[Crawled caption data]
* * *

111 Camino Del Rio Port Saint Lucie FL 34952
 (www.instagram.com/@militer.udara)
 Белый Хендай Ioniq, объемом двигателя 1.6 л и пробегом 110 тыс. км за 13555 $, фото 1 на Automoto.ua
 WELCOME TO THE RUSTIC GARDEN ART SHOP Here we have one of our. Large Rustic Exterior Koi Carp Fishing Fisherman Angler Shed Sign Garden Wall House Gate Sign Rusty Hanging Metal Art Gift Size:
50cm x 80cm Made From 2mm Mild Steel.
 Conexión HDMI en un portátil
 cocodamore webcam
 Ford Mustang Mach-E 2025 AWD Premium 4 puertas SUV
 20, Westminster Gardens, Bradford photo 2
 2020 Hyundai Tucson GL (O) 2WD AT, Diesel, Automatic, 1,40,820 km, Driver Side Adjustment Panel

* * *

▸ **EXERCISE DESCRIPTION**
Type the records out again. Match them exactly.

▸ **THE ANSWER**
111 Camino Del Rio Port Saint Lucie FL 34952
 (www.instagram.com/@militer.udara)
 Белый Хендай Ioniq, объемом двигателя 1.6 л и пробегом 110 тыс. км за 13555 $, фото 1 на Automoto.ua
 WELCOME TO THE RUSTIC GARDEN ART SHOP Here we have one of our. Large Rustic Exterior Koi Carp Fishing Fisherman Angler Shed Sign Garden Wall House Gate Sign Rusty Hanging Metal Art Gift Size:
50cm x 80cm Made From 2mm Mild Steel.
 Conexión HDMI en un portátil
 cocodamore webcam
 Ford Mustang Mach-E 2025 AWD Premium 4 puertas SUV
 20, Westminster Gardens, Bradford photo 2
 2020 Hyundai Tucson GL (O) 2WD AT, Diesel, Automatic, 1,40,820 km, Driver Side Adjustment Panel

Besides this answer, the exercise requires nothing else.